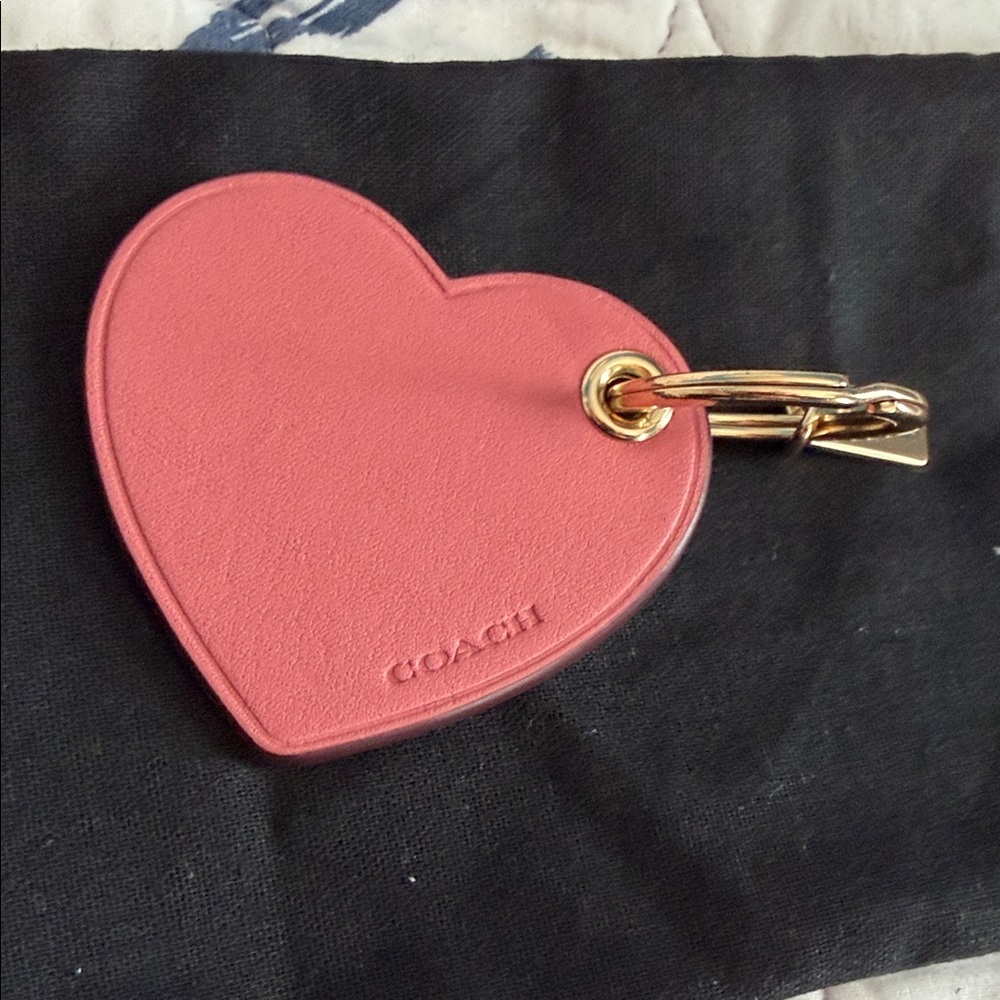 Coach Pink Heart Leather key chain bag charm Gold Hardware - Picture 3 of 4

=-=-=

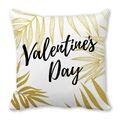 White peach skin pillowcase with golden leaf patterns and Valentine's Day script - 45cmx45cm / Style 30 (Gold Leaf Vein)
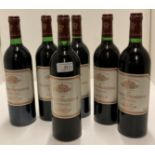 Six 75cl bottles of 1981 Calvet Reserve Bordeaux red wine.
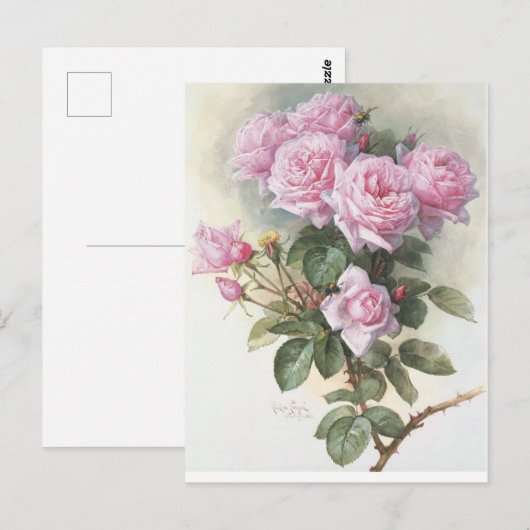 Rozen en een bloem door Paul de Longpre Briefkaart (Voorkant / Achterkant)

=-=-=

### Aim of the task
Reproduce the listing above only between the lines holding "Six 75cl bottles" and "Rozen en een", inclusive. Every line must match exactly, and pictures are dropped.

### Result
 Six 75cl bottles of 1981 Calvet Reserve Bordeaux red wine.
 Rozen en een bloem door Paul de Longpre Briefkaart (Voorkant / Achterkant)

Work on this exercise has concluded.